The course is intended to emphasize "blue sky" dreaming about what might be possible. This is intended to promote a spirit of fun exploration and dialogue, where there are no wrong ideas, and anything is possible. My own job will be to connect some of the "blue sky" ideas with impromptu lectures on existing approaches in computer systems and related subjects, to better understand what parts are feasible today, and what tools are needed to make other ideas feasible in the landscape of tomorrow.

If you have a good background in Computer Systems, then you should have the right background. (I define a good background to mean that you can read the man page for 'mmap', and then easily use mmap and munmap in an interesting way in a program.) As a seminar course, the course is designed to be flexible and respectful of the student's time, while also providing an in-depth experience of some of the questions at the forefront of computer systems research.


EXAMPLE: ChatGPT and Algorithmic Debugging

In order to start us off with "blue sky" dreaming, I'll present here my own dream. You're welcome to collaborate on this dream, or to collaboratively invent a dream of your own. This dream is to analyze the potential of using ChatGPT and similar LLMs (Large Language Models) as "cognitive assistants" in writing application code. (I will often refer to ChatGPT as a generic example of an LLM. Personally, I've been playing with Google Gemini. For an example, see this request to Gemini to write code for testing for malloc bugs such as double-free.) In the past, one spent a lot of time carefully designing code, with enough assertions, unit tests, and functional tests to ensure correctness. With ChatGPT, we can now take a plain-English specification (even an ambiguous specification) and rapidly write code, along with some simple tests of that code. But the code will be filled with bugs.

So, code-writing is turned on its head: Instead of carefully writing correct code, we knowingly and rapidly write incorrect code, and then try to fix the code. Luckily, there is interesting past work on how to debug an algorithmic specification. Curiously enough, this subject is called Algorithmic Debugging, which originally developed out of this 40-year old PhD thesis by Ehud Shapiro.

In a nutshell, Algorithmic Debugging looks at a buggy program with an example input-output pair that demonstrates a bug. If the top-level routine of the program call graph calls routines A, B, and C, then the system presents to the programmer (or to an oracle) the input-output pairs for each routine, and asks if one of the pairs is a bug. If B has a bug, it presents the routines X, Y, and Z that are called by B, and asks which of those routines has a bug. By breaking a program into its components, it can then identify the component that has the bug. If that component is small enough, then we can provide ChatGPT with a plain-English specification for the routine, and even try to ask ChatGPT to fix the bug in the routine.

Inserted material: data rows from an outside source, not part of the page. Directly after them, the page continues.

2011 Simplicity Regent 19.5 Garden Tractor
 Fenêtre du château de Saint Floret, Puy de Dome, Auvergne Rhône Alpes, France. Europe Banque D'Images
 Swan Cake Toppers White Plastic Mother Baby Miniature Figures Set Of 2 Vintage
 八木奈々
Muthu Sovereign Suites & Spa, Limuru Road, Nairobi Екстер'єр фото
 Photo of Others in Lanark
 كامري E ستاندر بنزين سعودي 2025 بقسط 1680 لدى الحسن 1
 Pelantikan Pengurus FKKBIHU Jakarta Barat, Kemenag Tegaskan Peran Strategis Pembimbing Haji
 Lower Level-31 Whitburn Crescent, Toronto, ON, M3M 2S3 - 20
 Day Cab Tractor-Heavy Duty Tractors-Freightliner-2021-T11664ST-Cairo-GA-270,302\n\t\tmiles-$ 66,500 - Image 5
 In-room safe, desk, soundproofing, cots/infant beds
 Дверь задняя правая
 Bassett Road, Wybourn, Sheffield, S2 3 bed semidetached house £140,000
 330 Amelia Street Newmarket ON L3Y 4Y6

If successful, a side benefit of this approach is to encourage programmers to emphasize a more compositional approach to programming, in which the communication patterns between components are kept simple. A more formal version of this principle is the Principle of Least Knowledge (aka the Law of Demeter, named after the Demeter project of Prof. Lieberherr).

Review of Guide for a Well-Structured Research Paper

  1. Macro structure: Read the topic sentences of each paragraph. Does it tell a story? If not, try breaking up a paragraph, merging a paragraph, or inserting a new paragraph to fill a logical gap in your writing. (Note that the topic of a paragraph may actually fill a short two beginning sentences, or else a truncated first sentence ending in ';' or :',)
  2. Micro structure (within a paragraph): Recall the lessons from the classic paper, "The Science of Scientific Writing".
    1. Technical sentences are almost always of the form: Subject-Verb-Object. The stress is the object of your current sentence. The topic is the subject. The stress of the current sentence must match the topic of your next sentence. (This is important because of "reader expectations". If you defy the reader's expectations, you do so at your own peril. The responsibility for being read resides solely on the writer.).
    2. The stress of the current sentence doesn't always match exactly the topic of your next sentence. The topic of the next sentence might be: an example ("For example"); a contrasting situation ("However"); a special csse ("In particular"); a generality ("Indeed"); a logical conclusion ("Therefore"); and so on. Don't leave your reader to guess what is the connection between your stress and the next topic. Clue the reader in by introducing the next sentence with a connecting phrase. If you don't use a connecting phrase, then the default assumption is that the next topic already matches exactly the previous stress.
    3. And a third sub-principle, not discussed in class, is beware of pronouns. Technical documents usually use pronouns at an absolute minimum --- because of concerns for precise language. If a pronoun could match more than one noun phrase, then the reader's expectations is violated, and the reader must stop to search for the intended noun phrase. Ideally, if you must use pronouns, it should refer to the last noun phrase used, or maybe the second-to-last if it is nearby. (CONSIDER: "I'm looking at the boy on the hill with the telescope. I'm looking straight at it!" Probably "it" is the "telescope". But in precise technical language, it's better to repeat "hill" or "telescope" -- whichever is intended.)
    (There is also a parallel construction in some situations. For example: "There are three cases. Case  1 is .... Case  2 is .... Case  3 is ...." So, if stress+topic doesn't fit in a few sentences, maybe your text falls into this special case. In this special case, the first parallel sentence is a template, and each remaining parallel sentence should use the same template.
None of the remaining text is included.